[Short web captions]
'''

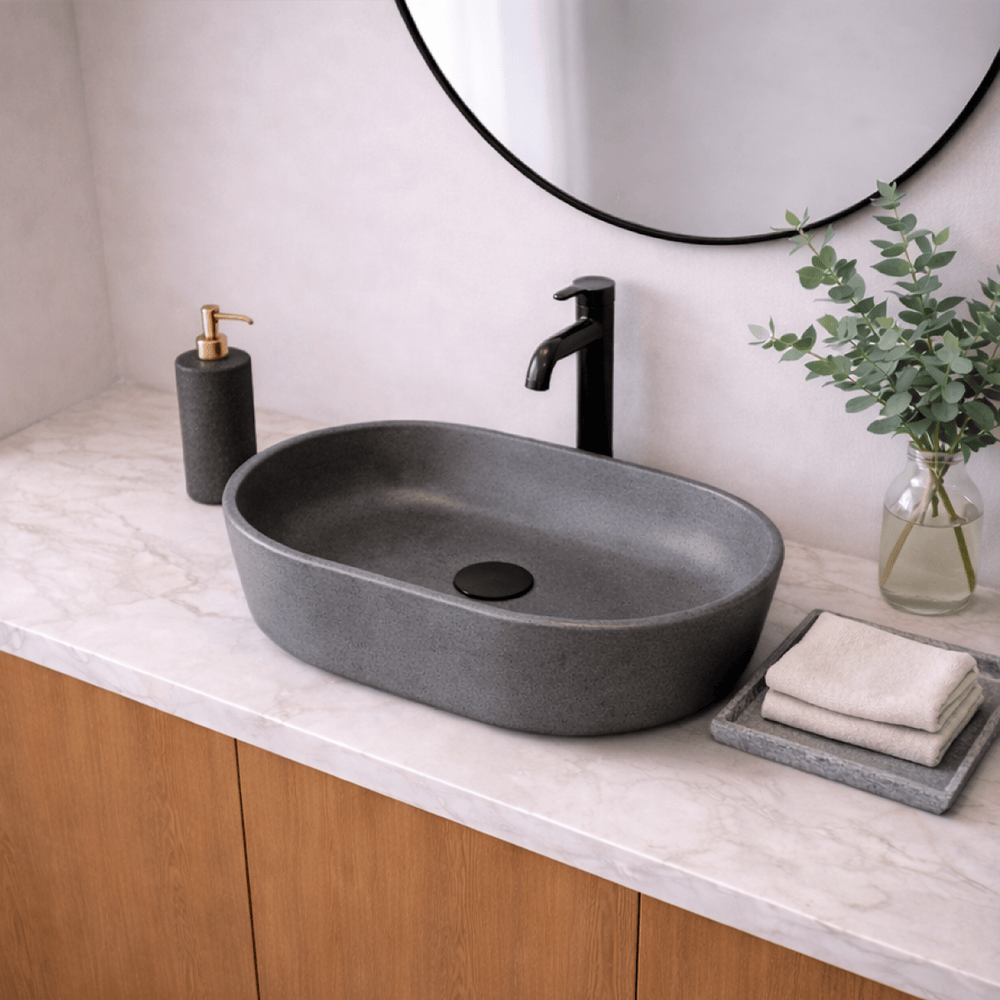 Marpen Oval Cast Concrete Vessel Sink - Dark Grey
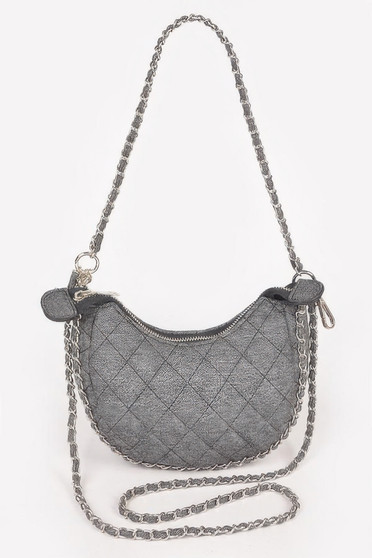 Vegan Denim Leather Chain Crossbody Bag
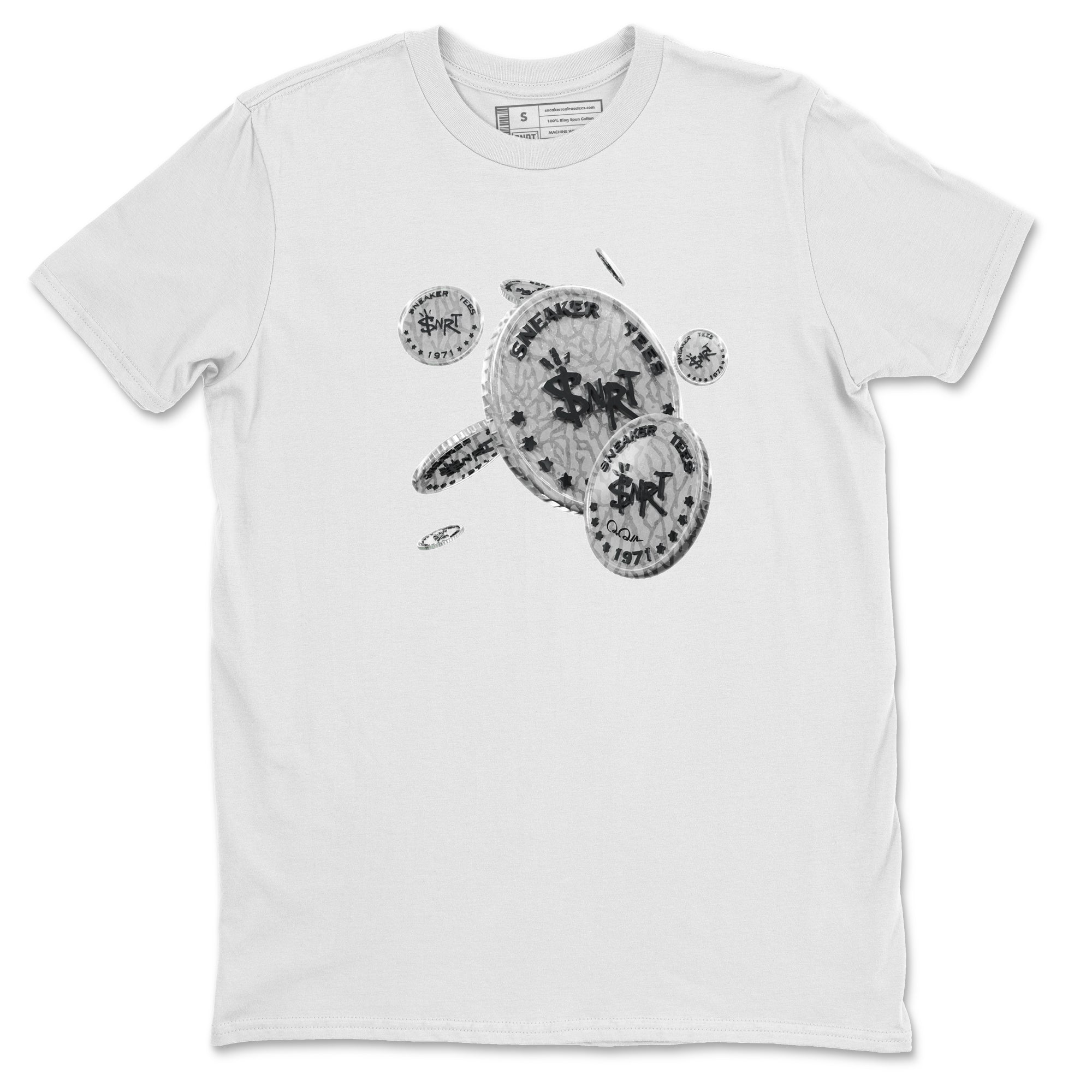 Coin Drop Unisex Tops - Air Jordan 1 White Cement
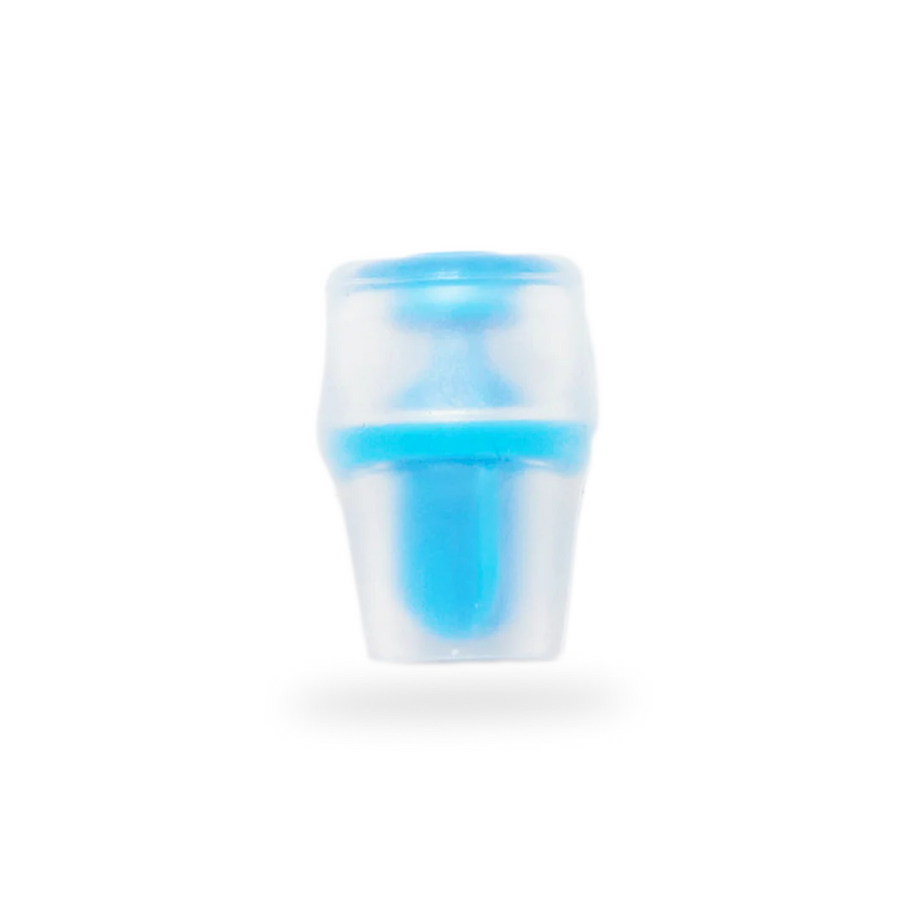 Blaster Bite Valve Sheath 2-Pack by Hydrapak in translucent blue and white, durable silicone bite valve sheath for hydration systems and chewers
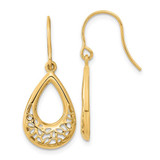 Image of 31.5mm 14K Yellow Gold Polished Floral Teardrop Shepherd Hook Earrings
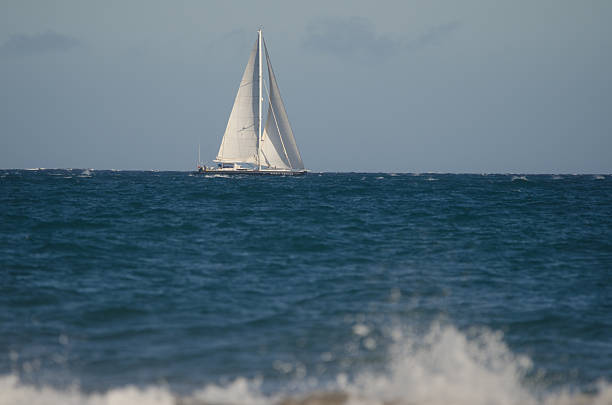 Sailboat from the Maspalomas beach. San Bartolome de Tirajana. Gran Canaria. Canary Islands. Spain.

'''
'''

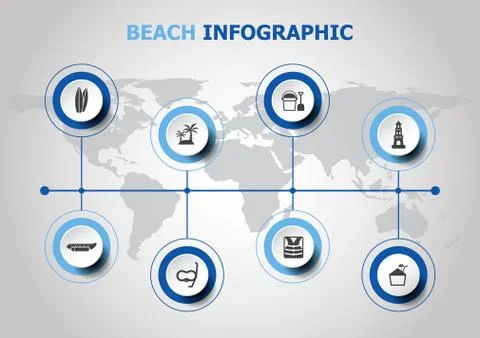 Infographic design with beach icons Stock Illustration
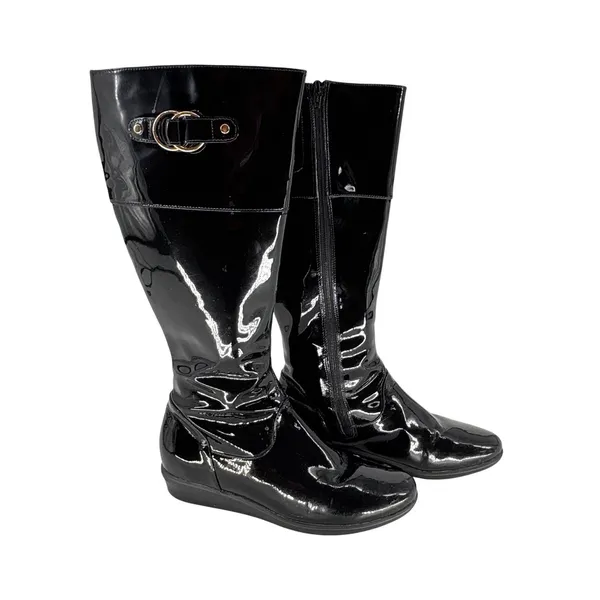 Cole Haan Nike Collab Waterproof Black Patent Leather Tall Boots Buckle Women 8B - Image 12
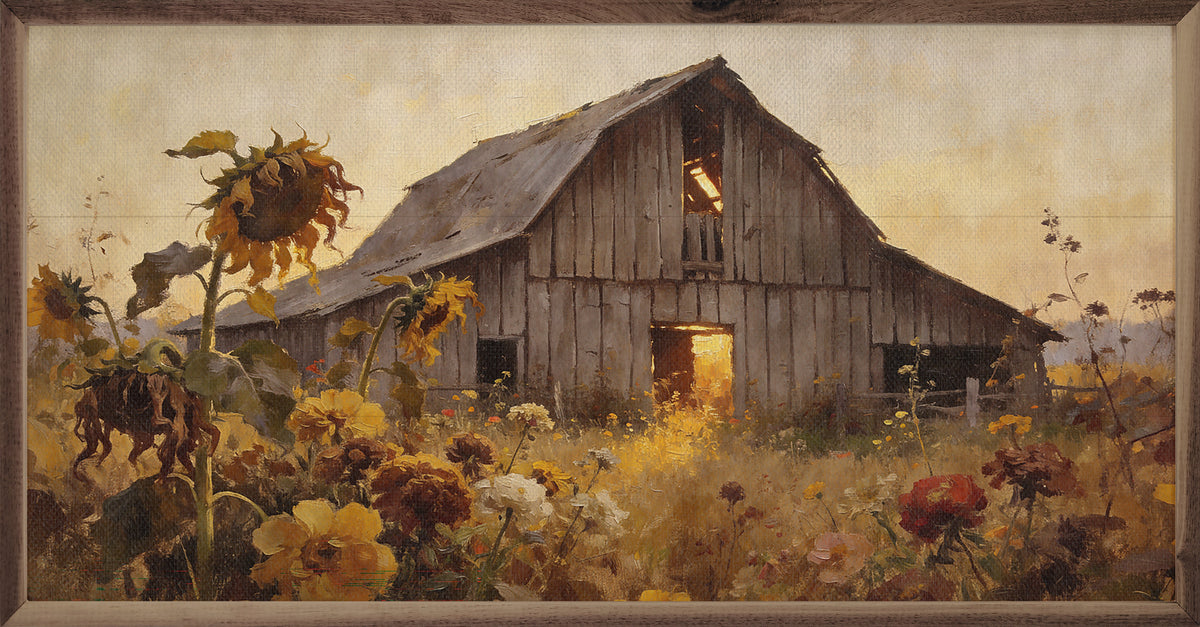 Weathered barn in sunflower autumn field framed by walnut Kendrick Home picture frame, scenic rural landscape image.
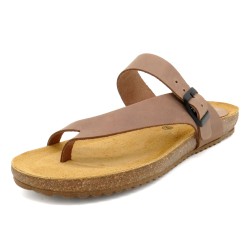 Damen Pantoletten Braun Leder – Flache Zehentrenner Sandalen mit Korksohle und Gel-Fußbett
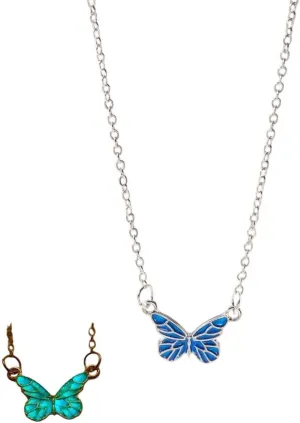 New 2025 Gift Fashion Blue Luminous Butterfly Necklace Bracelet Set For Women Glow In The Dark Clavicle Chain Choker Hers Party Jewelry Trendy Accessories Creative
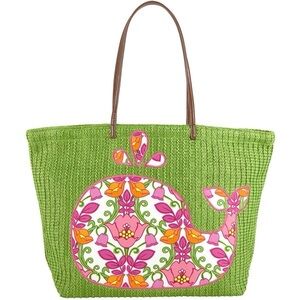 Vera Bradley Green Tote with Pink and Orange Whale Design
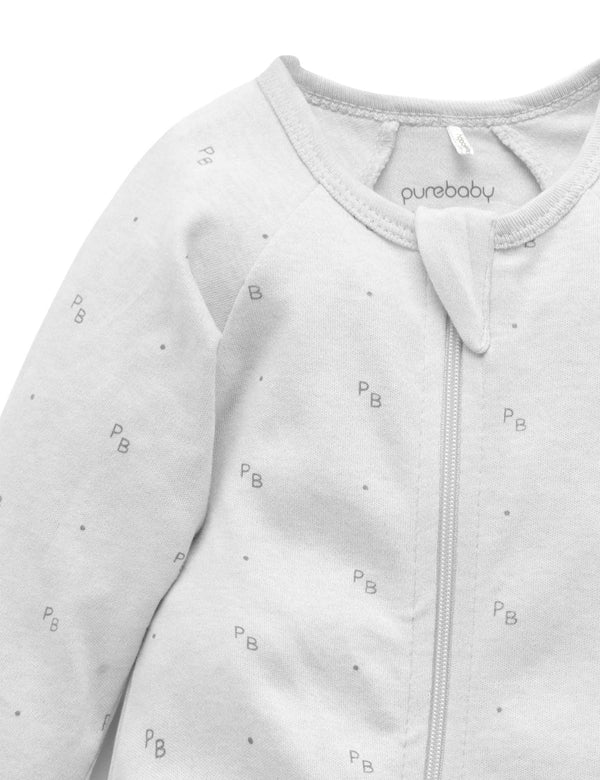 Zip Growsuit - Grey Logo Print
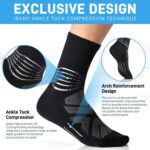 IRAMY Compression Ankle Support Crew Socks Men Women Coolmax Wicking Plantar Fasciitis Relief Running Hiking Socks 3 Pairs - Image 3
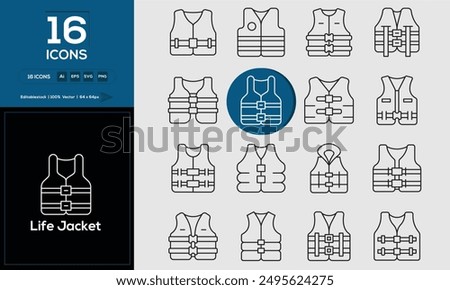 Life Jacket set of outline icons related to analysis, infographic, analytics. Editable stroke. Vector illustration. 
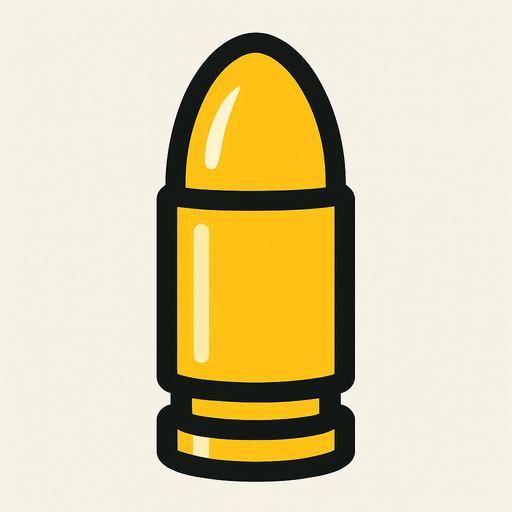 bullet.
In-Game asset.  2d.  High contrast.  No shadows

'''

Using the data above, copy exactly the lines from the one containing "Marpen Oval Cast" to the one containing "Image of 31.5mm", inclusive. Exclude the pictures.

 Marpen Oval Cast Concrete Vessel Sink - Dark Grey
 Vegan Denim Leather Chain Crossbody Bag
 Coin Drop Unisex Tops - Air Jordan 1 White Cement
 Blaster Bite Valve Sheath 2-Pack by Hydrapak in translucent blue and white, durable silicone bite valve sheath for hydration systems and chewers
 Image of 31.5mm 14K Yellow Gold Polished Floral Teardrop Shepherd Hook Earrings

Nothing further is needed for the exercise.